In fact, in his 1992 postscript, Dr. Plinio outlined the characteristics of a revolution whose etreme point would coincide with the devil’s own goal as enunciated in Christ’s temptation: “All these I will give You, if You will fall down and worship me” (Mt 4:9).

Faced with this giant viper with chameleon skin, Dr. Plinio was never tempted by defeatism. Rather, discerning that the struggle between the Revolution and the Counter-Revolution is the same as that between good and evil, he recognized that the latter was already doomed to ruin. Nor did he surrender to complacency, aware that the serpent will spew venom until the final chapter of history, when it will finally be thrown into the “lake of fire and sulphur” (Rev 20:10).

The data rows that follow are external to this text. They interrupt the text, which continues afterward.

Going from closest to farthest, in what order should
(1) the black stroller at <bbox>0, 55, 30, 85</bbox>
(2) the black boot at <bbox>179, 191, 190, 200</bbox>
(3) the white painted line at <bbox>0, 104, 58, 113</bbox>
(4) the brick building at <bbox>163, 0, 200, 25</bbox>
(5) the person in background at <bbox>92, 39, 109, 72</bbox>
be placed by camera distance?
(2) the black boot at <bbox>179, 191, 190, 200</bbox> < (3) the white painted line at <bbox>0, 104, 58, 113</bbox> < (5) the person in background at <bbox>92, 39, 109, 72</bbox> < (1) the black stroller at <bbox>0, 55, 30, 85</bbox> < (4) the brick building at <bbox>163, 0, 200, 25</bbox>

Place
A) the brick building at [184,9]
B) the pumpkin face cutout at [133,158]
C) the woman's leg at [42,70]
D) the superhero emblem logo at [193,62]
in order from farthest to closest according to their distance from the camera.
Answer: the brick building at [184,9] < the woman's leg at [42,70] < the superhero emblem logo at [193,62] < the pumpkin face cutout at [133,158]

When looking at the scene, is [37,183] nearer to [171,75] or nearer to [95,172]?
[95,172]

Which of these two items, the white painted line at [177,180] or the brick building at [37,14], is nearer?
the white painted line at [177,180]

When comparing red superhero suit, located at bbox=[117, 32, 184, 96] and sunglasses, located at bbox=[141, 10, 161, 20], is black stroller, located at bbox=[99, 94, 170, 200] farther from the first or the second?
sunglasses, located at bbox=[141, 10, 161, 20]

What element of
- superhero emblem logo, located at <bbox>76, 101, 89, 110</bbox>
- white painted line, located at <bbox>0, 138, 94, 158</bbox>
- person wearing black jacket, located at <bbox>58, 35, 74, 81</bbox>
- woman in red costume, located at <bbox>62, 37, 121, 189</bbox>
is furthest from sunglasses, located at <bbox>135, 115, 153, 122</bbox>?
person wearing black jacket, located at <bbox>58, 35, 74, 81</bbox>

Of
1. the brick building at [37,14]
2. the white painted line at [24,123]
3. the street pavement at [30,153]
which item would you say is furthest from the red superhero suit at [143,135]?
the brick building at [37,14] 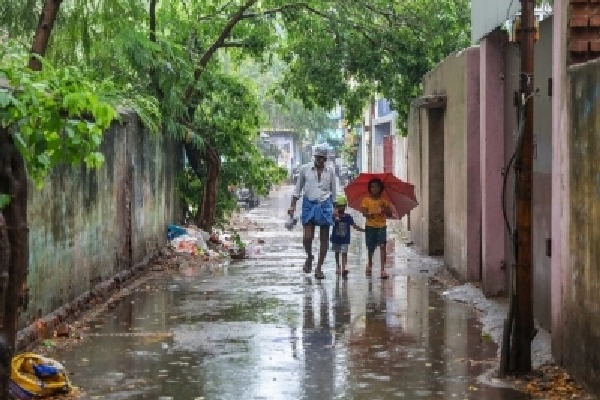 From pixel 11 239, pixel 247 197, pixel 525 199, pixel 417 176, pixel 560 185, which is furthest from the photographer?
pixel 247 197

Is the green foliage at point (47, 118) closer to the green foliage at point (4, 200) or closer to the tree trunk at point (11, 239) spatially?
the tree trunk at point (11, 239)

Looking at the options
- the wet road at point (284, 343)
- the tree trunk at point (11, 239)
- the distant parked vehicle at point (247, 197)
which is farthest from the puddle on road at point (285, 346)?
the distant parked vehicle at point (247, 197)

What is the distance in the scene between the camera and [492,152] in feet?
43.5

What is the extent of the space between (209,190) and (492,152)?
9.02 m

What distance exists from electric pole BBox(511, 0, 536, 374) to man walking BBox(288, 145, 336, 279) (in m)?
6.85

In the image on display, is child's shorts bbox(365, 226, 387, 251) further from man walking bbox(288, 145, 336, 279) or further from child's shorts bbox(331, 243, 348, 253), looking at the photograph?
man walking bbox(288, 145, 336, 279)

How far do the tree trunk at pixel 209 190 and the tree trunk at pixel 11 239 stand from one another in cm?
1515

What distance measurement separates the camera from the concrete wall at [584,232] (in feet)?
24.4

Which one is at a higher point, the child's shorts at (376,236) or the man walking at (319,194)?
the man walking at (319,194)

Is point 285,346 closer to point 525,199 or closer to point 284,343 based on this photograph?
point 284,343

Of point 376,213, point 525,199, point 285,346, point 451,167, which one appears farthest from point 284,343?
point 451,167

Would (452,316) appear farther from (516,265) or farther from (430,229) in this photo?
(430,229)

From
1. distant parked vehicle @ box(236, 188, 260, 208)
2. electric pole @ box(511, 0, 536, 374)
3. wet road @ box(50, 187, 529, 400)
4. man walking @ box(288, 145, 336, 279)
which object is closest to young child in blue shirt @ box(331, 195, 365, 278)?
man walking @ box(288, 145, 336, 279)

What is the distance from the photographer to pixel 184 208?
70.6 ft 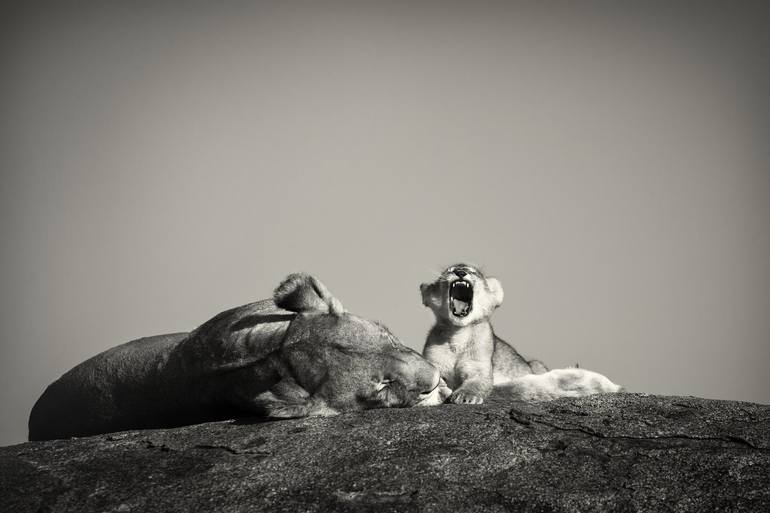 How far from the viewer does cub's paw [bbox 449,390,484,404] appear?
8.97 metres

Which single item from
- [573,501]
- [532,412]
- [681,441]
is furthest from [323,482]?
[681,441]

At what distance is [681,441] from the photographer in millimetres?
6523

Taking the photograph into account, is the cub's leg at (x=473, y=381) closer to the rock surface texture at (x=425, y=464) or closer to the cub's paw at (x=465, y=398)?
the cub's paw at (x=465, y=398)

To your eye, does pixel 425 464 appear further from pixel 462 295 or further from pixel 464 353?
pixel 462 295

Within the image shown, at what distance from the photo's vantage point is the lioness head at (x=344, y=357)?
7.77 meters

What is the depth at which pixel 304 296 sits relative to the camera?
8266mm

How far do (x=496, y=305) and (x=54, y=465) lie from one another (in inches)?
249

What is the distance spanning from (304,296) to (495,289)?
12.5 feet

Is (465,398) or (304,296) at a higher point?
(304,296)

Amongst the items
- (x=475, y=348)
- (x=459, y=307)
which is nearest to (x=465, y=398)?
(x=475, y=348)

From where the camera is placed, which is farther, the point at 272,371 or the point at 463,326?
the point at 463,326

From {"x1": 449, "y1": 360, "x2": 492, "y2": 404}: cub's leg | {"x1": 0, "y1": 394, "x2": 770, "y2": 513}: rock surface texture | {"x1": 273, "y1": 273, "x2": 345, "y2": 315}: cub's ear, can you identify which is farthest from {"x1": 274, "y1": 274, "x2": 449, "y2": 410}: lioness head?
{"x1": 449, "y1": 360, "x2": 492, "y2": 404}: cub's leg

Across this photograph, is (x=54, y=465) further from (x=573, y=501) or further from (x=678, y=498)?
(x=678, y=498)

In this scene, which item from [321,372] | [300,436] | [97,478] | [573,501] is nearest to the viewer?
[573,501] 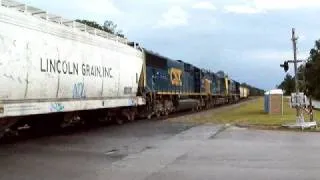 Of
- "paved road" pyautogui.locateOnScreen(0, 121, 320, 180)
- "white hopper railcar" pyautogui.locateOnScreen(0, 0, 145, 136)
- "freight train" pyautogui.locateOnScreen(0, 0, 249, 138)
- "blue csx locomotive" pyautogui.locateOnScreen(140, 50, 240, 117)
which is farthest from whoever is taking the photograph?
"blue csx locomotive" pyautogui.locateOnScreen(140, 50, 240, 117)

Dr. Plinio and Msgr. João in the mid-1960s

With this great battle in mind, Dr. Plinio wrote, far beyond an essay, his own counter-revolutionary epopee. In the first place, he did so by embodying the arduous and sublime moral character of his doctrine and, therefore, by recording the book of his life in the “book of life”, with the specific imprint of the struggle that Providence led him to wage throughout the 20th century. But he concluded this composition above all by transposing the RCR into the souls of numerous disciples, in other words, by embodying in people, actions and institutions the immense gift of wisdom with which he had been endowed by Divine Wisdom. Many men write books, but few leave a legacy, a school of life and thought.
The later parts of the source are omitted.